Apologies, my explanation was rather confusing.
"Edit chapter URLs" is the view I use to collect chapter lists to convert to EPUB, because
- the Wizards website is broken/useless/missing chapters, so there is no auto-parser that could work (EDIT: without too much work). An auto-parser would need to process
https://magic.wizards.com/en/news/archive(2024),https://web.archive.org/web/2023mmddetc/https://magic.wizards.com/en/articles/archive(unreliable infinite scroller) andhttps://web.archive.org/web/2020mmddetc/http://www.wizards.com/Magic/Magazine/Archive.aspx(paginated, mostly 404s),https://web.archive.org/web/2014mmddetc/http://www.wizards.com/Magic/Magazine/Article.aspx - a lot of chapters are not story-related, so less useful for EPUB.
Questions
- Parser: Is it possible for a single parser to target multiple domains (e.g. archive.org, multiple versions of wizards.com) with separate filters on a per-chapter basis? Or are there any example site templates that are similar to this use case?
- Extension: Would it be possible to (optionally) open "Edit chapter URLs" by default, rather than auto-parsing all chapters? For the default parser and manual listing on weird random websites, auto-parsing doesn't seem to work very well, gathering lots of irrelevant navbar links. It would help my workflow if I could paste story links directly, rather than fiddling with the UI to eliminate irrelevant chapters.
- Extension: Edit chapter URLs requires specifying the title to use per chapter, as well as html tags, eg.
a href="">Title here</a>- could it be changed to just take a list of URLs? e.g. instead of
<a href="https://magic.wizards.com/en/news/magic-story/cowardice-hero-2014-01-22">18 Cowardice of the Hero</a>
<a href="https://magic.wizards.com/en/news/magic-story/emonberry-red-2014-02-05">19 Emonberry Red</a>
<a href="https://magic.wizards.com/en/news/magic-story/kioras-followers-2014-02-14">20 Kiora's Followers</a>
we could have
https://magic.wizards.com/en/news/magic-story/cowardice-hero-2014-01-22
https://magic.wizards.com/en/news/magic-story/emonberry-red-2014-02-05
https://magic.wizards.com/en/news/magic-story/kioras-followers-2014-02-14
... and the titles read according to the filter template to editable fields in the chapter list:
Many thanks for any advice or help!
I have started implementation here: https://github.com/Darthagnon/web2epub-tidy-script/blob/master/MagicWizardsParser.js
@Darthagnon
Parser: Is it possible for a single parser to target multiple domains (e.g. archive.org, multiple versions of wizards.com) with separate filters on a per-chapter basis?
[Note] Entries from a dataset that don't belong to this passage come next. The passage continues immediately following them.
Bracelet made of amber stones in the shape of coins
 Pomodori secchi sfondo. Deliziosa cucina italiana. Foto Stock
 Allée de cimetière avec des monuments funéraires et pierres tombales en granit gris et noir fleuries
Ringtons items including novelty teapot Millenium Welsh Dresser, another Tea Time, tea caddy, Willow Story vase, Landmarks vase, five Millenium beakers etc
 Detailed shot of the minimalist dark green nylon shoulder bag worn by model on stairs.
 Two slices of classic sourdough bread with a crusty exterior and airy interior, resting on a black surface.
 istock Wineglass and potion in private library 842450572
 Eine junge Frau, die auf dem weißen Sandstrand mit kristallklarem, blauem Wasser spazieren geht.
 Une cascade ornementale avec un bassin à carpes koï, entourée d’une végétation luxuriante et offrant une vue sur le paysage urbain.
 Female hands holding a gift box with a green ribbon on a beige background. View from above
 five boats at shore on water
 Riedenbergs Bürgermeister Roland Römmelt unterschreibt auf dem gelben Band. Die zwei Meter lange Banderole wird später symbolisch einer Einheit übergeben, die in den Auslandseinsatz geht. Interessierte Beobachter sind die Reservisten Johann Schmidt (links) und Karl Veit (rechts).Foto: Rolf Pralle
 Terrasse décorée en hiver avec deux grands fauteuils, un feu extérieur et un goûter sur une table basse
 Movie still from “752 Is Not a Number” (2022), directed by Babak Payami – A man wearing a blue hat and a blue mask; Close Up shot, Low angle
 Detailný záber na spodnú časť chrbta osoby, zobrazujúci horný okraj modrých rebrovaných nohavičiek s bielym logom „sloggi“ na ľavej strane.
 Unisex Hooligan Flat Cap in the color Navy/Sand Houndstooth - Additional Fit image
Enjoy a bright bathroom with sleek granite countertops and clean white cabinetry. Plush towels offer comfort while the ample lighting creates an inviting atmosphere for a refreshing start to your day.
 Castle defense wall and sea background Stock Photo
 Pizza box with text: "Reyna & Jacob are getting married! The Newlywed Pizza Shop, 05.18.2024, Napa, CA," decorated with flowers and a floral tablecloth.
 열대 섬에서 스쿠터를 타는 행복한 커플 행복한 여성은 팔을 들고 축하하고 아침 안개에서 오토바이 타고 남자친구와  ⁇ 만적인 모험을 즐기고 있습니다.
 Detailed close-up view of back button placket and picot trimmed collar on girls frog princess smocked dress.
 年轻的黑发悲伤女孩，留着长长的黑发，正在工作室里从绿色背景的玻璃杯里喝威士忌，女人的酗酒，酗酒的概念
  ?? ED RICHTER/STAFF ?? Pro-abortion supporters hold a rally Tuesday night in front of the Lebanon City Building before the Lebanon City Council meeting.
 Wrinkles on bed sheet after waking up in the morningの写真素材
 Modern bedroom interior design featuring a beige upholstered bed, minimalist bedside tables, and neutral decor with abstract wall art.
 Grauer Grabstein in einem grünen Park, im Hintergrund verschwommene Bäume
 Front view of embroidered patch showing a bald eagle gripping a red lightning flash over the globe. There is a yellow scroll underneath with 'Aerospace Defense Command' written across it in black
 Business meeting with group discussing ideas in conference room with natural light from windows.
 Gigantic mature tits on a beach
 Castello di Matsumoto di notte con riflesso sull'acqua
Or are there any example site templates that are similar to this use case?
yes. https://github.com/dteviot/WebToEpub/blob/ExperimentalTabMode/plugin/js/parsers/NoblemtlParser.js Although it's not obvious how it works. An example is
findCoverImageUrl(dom) {
return util.getFirstImgSrc(dom, ".thumbook, .sertothumb");
}
This looks for an image using two CSS selectors. ".thumbook" and ".sertothumb" and picks the first it finds. As the two sites have a different layout, only one will succeed.
An alternate way to handle multiple sites, is the "dom" parameter holds the URL of the page in dom.baseURI. You could extract the hostname from the URL and then switch the logic based on that.
That said, WebToEpub is supposed to check the URL for each page, and then select the appropriate parser even if the Table of Contents is a mixture of sites. So, you might not need a combined parser. Just write one for each site.
fixed in #1500 @Darthagnon Updated version (1.0.0.0) has been submitted to Firefox and Chrome stores. Firefox/ Chrome version is available now.